Chérie, j’ai « phishé » les occi­den­taux !

SesGoogle étant à court d’histoires nouvelles, c’est Linke­din qui prend le relais dans la série : chérie, j’ai « phishé » les Occi­den­taux. Le réseau social aurait en effet été à son tour victime d’une campagne visant à récu­pé­rer des données person­nelles. Bien évidem­ment c’est encore la Chine qui est à l’origine de cette action coupable, le fait de citer ce pays englo­bant les plus d’un milliard d’habitants. Comme tout le monde le sait, la popu­la­tion chinoise passe son temps derrière ses ordi­na­teurs, même les prison­niers étant eux contraints de jouer en réseau.

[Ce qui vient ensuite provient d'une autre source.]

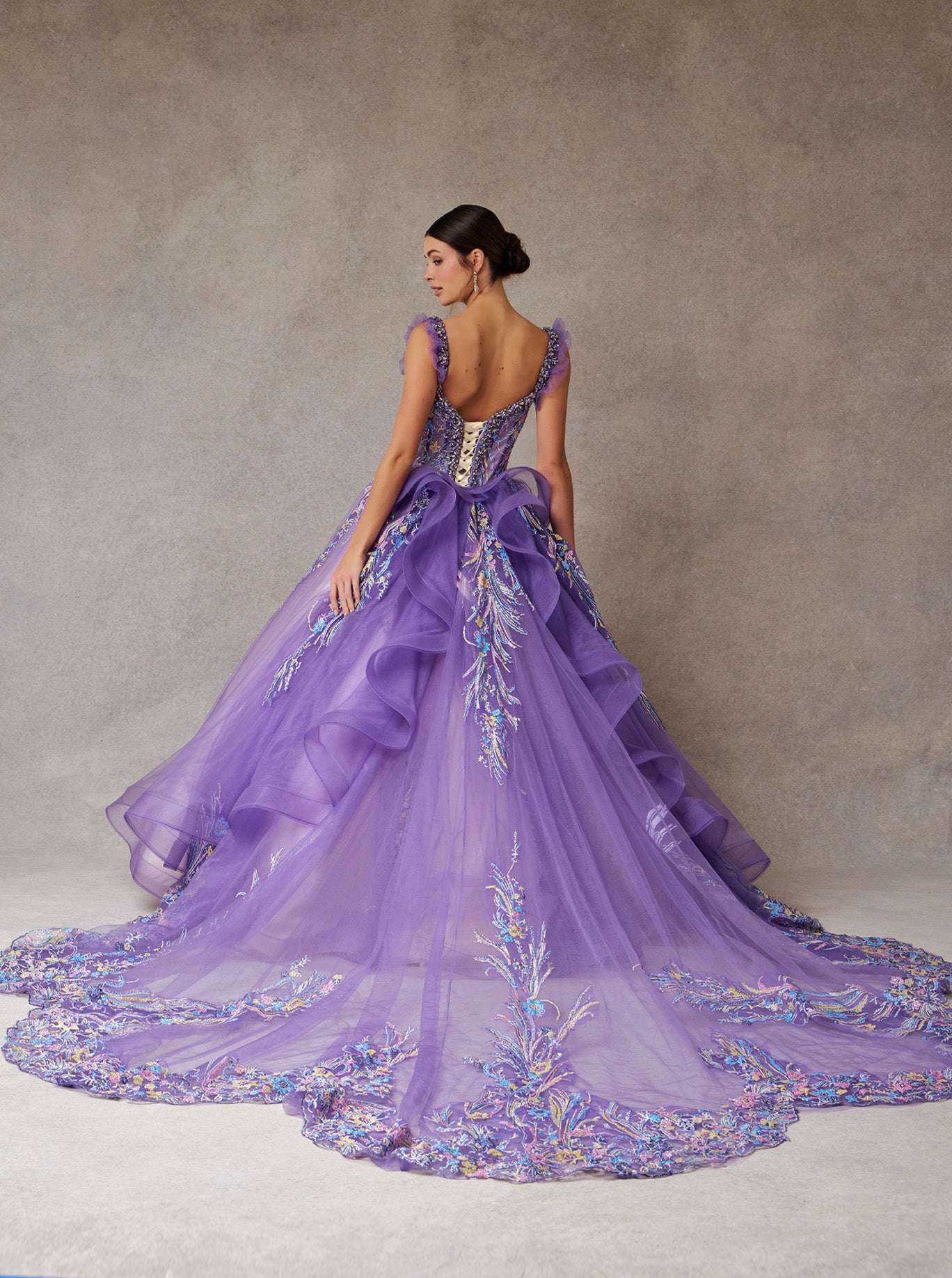 Vestido de Fiesta de Tul y Encaje Bordado con Cristales, Cuentas y Lentejuelas, Color Purple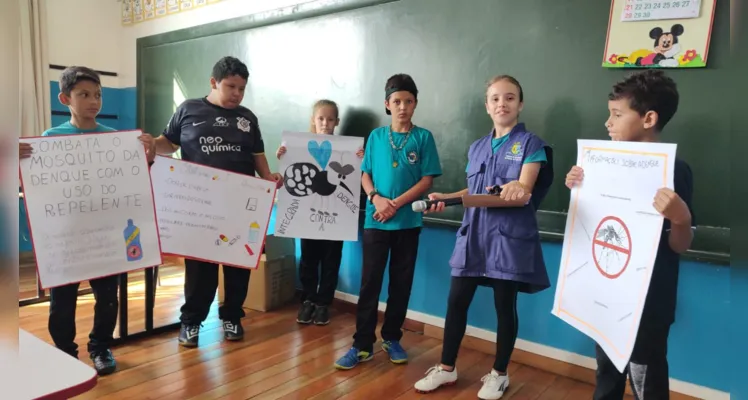 A turma realizou diversas ações de conscientização, em vários locais e eventos da cidade.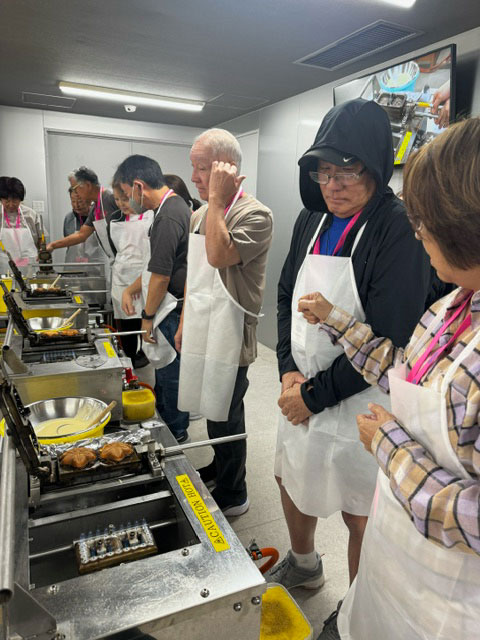 11-Making-Manju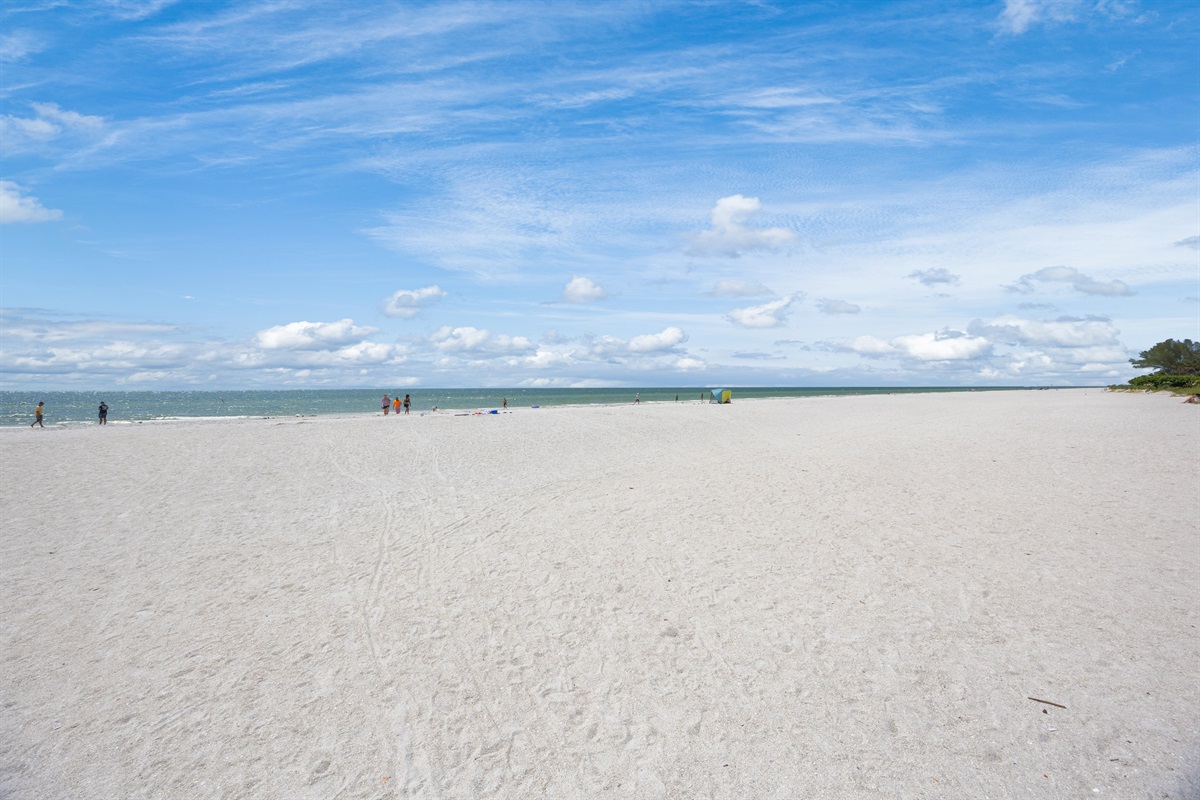 3 to 5 minute walk to Indian Rocks Beach!
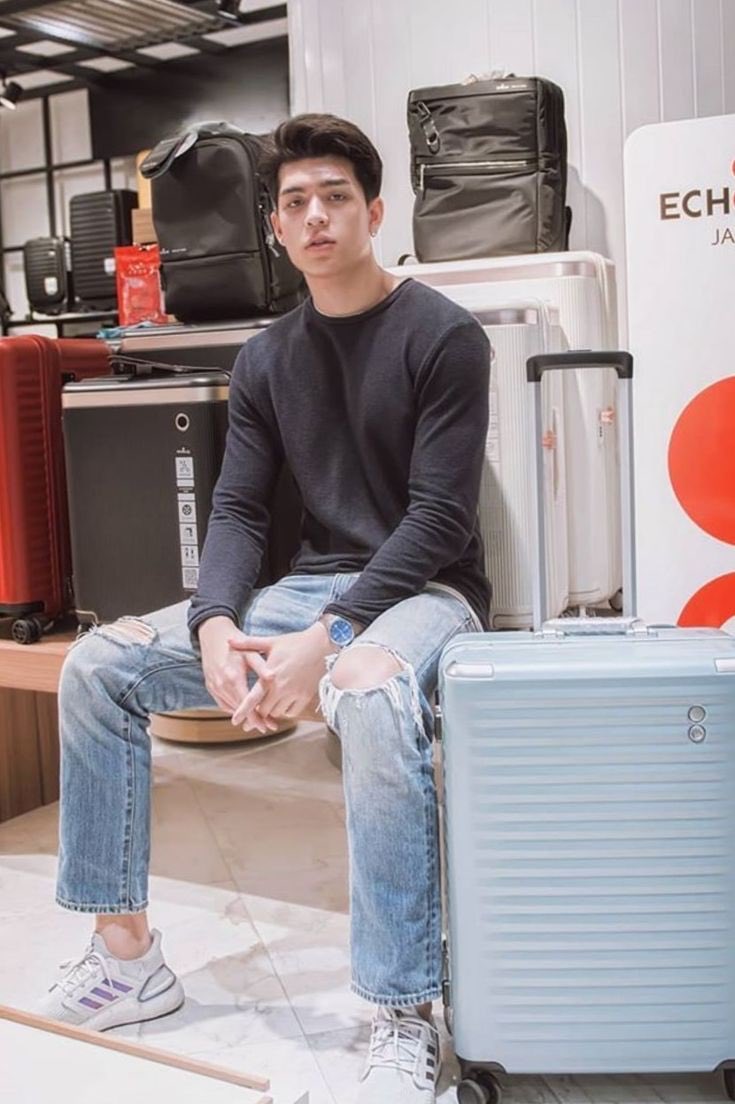 —La mañana del ocho de diciembre llega a Tailandia tras un largo vuelo, en compañía de su novia y Ramsés. El viaje era para la boda Joyny que sería en cosa de días y no pensaban faltar luego de esperarla por tanto tiempo.—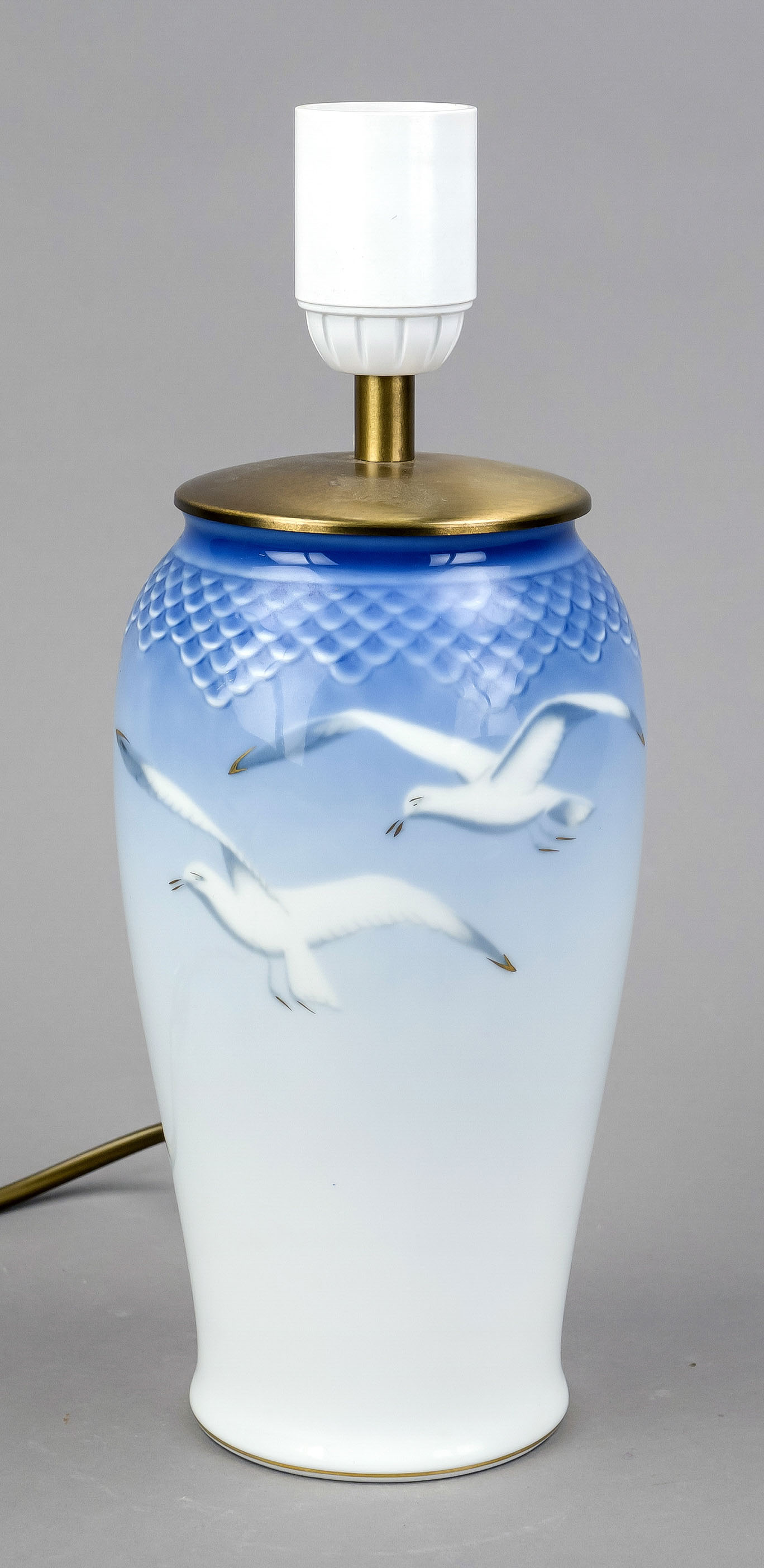 Rare table lamp, Bing & Grøndahl, Copenhagen. 1970s, matching the lots in front, seagull decor,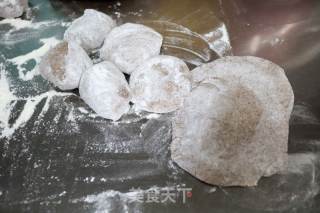 黑全麦猪肉青菜包子的做法步骤：9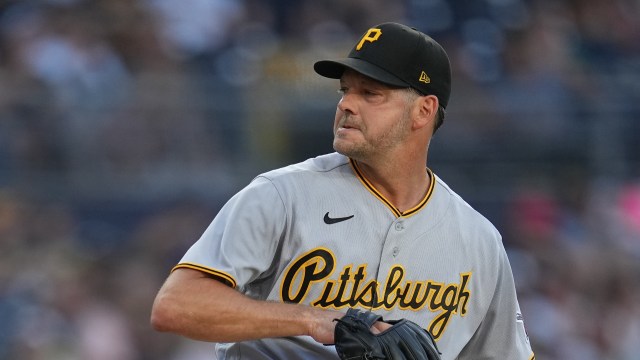 Pittsburgh Pirates starting pitcher Rich Hill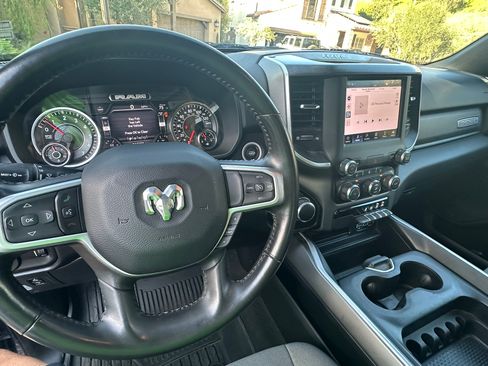 Used 2022 RAM 1500 Big Horn image 10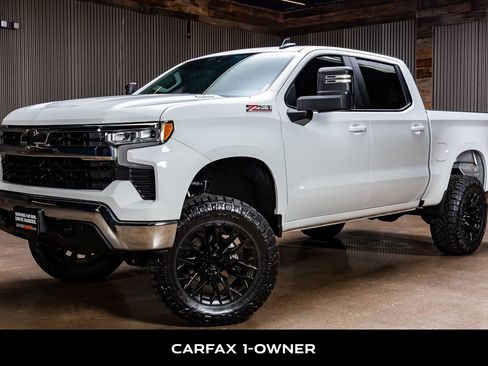 Used 2023 Chevrolet Silverado 1500 LT w/ Z71 Off-Road Package image 5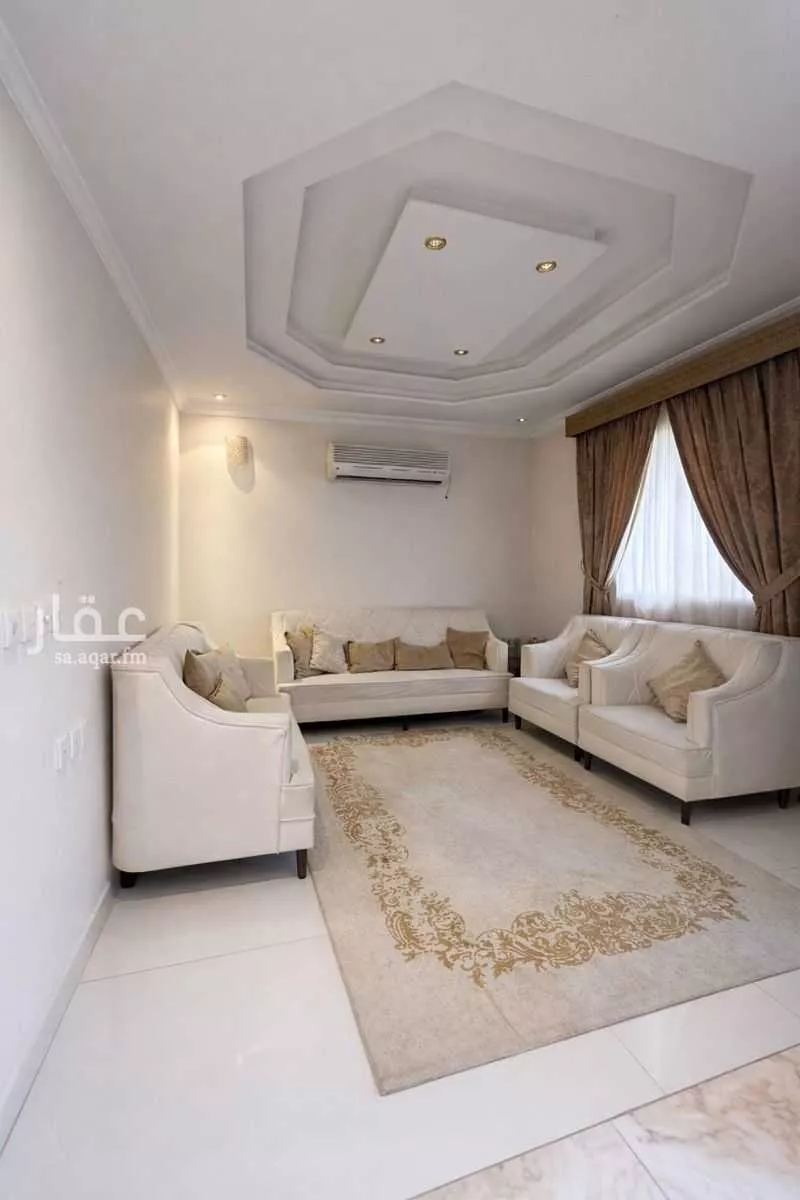 8 bedroom villa in Al Zahrah 2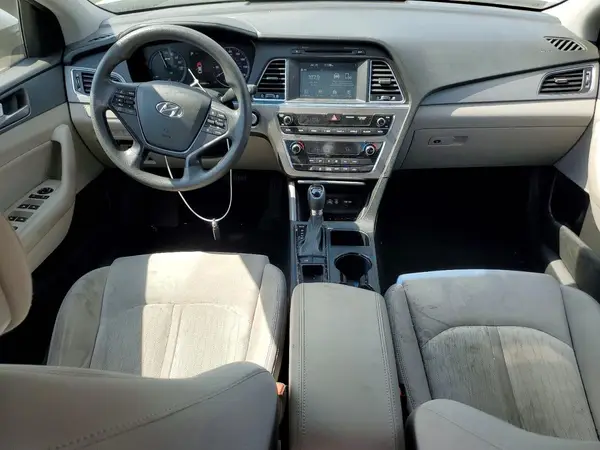 KMHE24L1XHA044021 2017 HYUNDAI SONATA - Image 8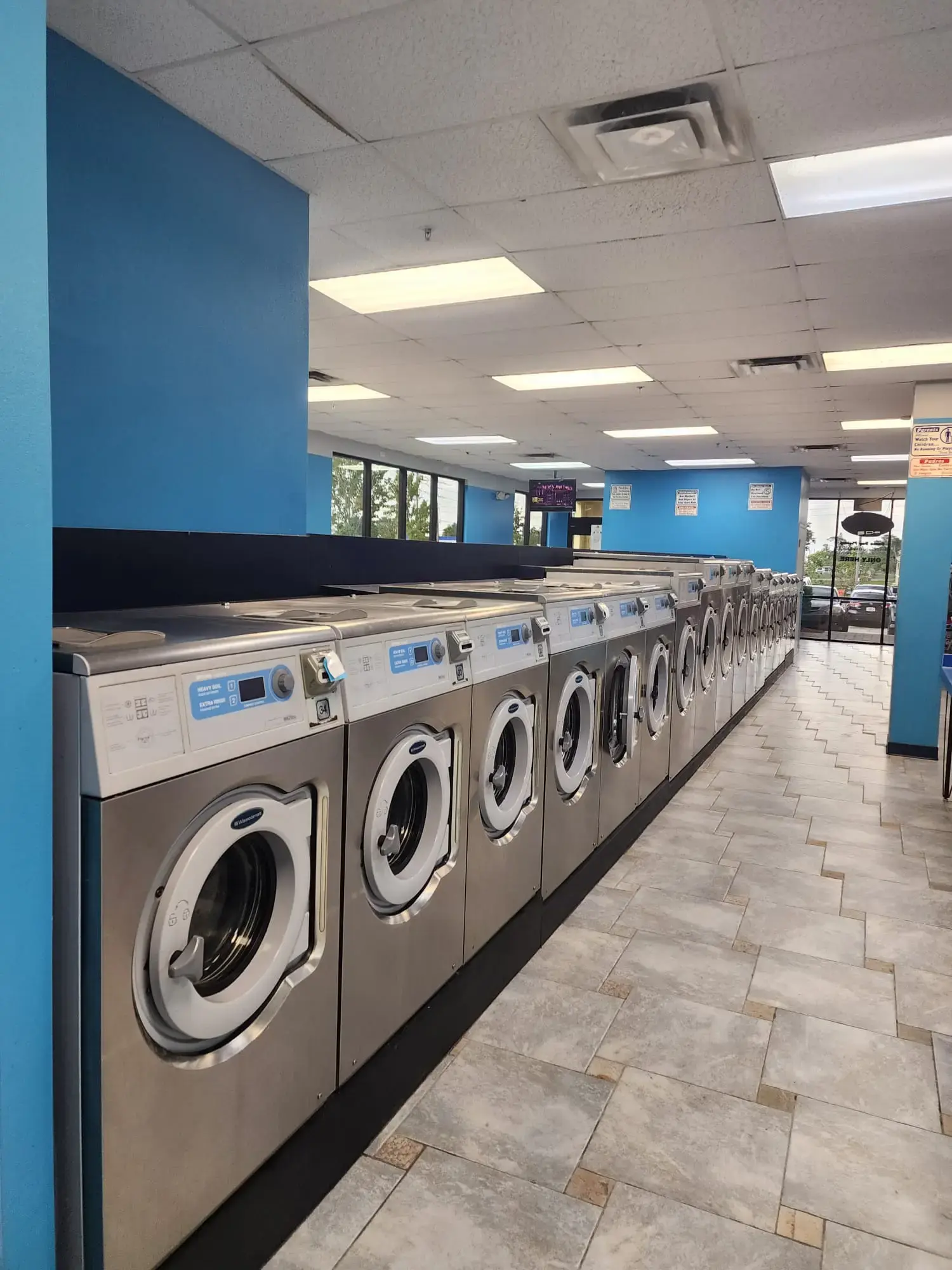 Blue Star Laundromat - Image 14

Plai­san­te­rie mise à part, la Russie a été asso­ciée pour l’occasion puisque les données volées sur les serveurs de Linke­din tran­si­taient par ce pays avant d’arriver en Chine. Cette révé­la­tion survient comme par hasard juste au moment où ces deux pays viennent de refu­ser leur soutien à une action mili­taire en Syrie, mais il ne s’agit bien sûr que d’une simple coïn­ci­dence.

Diffi­cile de démê­ler le vrai du faux dans ces affaires succes­sives tant elles sont répé­ti­tives dans leur sens que dans leur mode de mise à dispo­si­tion du public. Si ces affir­ma­tions émanent de hauts diri­geants des entre­prises concer­nées, les preuves ne sont que rare­ment publiées. Il faut donc se conten­ter de leurs dires, ce qui laisse toujours sur sa faim pour des affaires d’une telle impor­tance.

Quoi qu’il en soit, deux aspects posi­tifs sont à rele­ver dont le premier est que Linke­din n’est plus bloqué en Chine et que l’Inde est défi­ni­ti­ve­ment assi­mi­lée à u bon élève de la classe. Il y a en effet quelques mois, un ingé­nieur indien avait signa­lé une faille dans le système du réseau social aujourd’hui visé, et ce bien enten­du par hasard, aucun hacker ne pouvant prove­nir de ce pays spécia­li­sé dans tout ce qui touche au soft­ware et vers lequel sont délo­ca­li­sés des milliers d’emplois.